Along the roadside women and children broke stones by hand to make gravel. We circumnavigated cavernous potholes, paused for bullock-carts and stopped when a puff of smoke from a burning field obscured our view. Twice we waited in the shade to let the engine cool. Cicadas buzzed in the trees above our heads. I ground grit between my teeth. The black Mercedes swept past us on its return journey to Lashio.

‘Five years ago that man arrived from nearby with nothing,’ said the gardener, nodding after the swirl of dust.

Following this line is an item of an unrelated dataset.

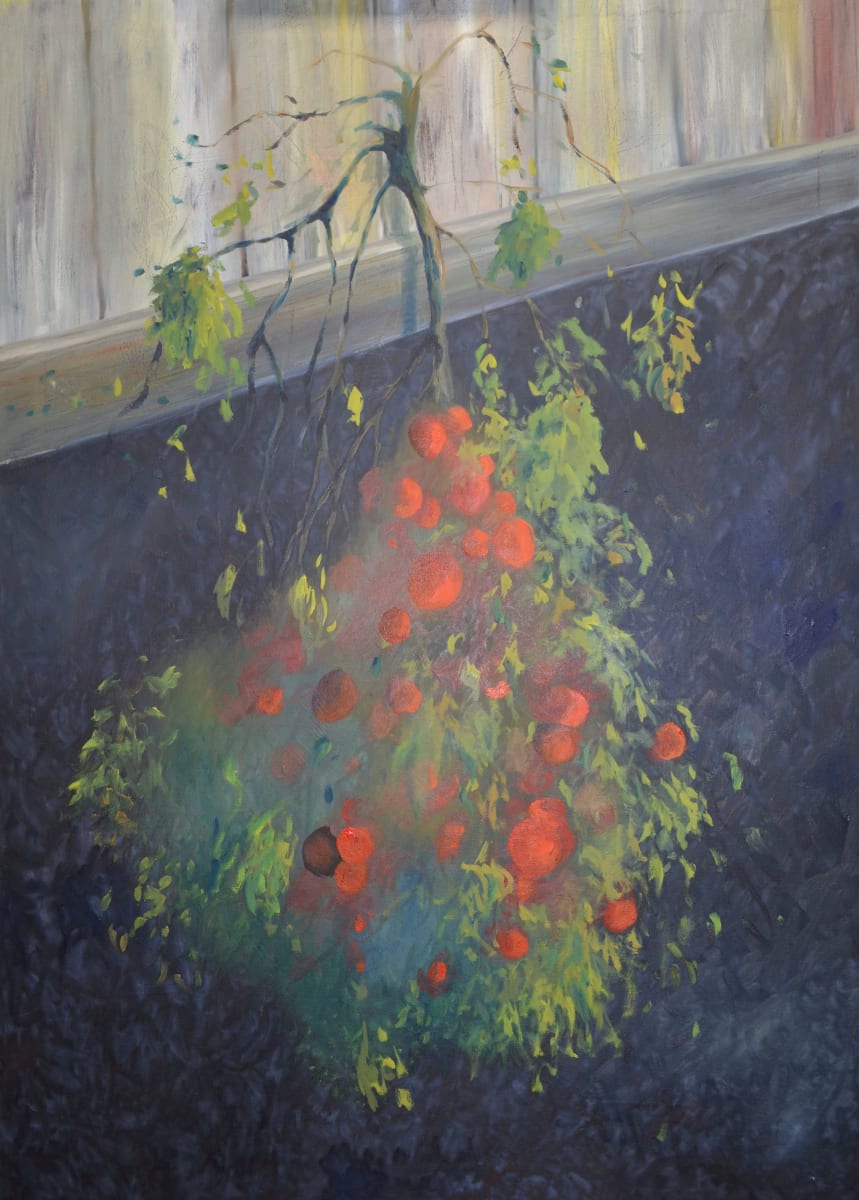 Life by Margaret Park  Image: This little bush was hung upside down over a barn door. I assume it was put there to dry and then converted into something else.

‘“Nearby” is China?’ asked Katrin.

He nodded. ‘In the first year he opened a small shop, a year later a large store and now, just this past month, a hotel. Only the Chinese are rich.’

‘In five years? How is that possible?’

‘Because he was willing to trade anything, except his nationality. Please understand, the Shan and Burmans and local Chinese all got on well enough before all this…this invasion. Now it is too much. We are no longer at home in our own country.’ We asked him about Burma’s prospects. ‘Do you mean the future? Oh, no hope,’ he smiled.

It was nightfall by the time we crawled into Hsipaw, which means ‘four corners’ in Shan. In 1888 a plague had swept through the state and the Shan Prince, Sao Kya Kaine, had chosen the site for a new settlement, burying a pot of oil at each of its four corners to ward off evil spirits. It was said that the town would prosper as long as the pots remained full of oil. If they dried out the residents were fated to suffer. But it was no longer possible to inspect the pots. In 1988 the government had cemented over them.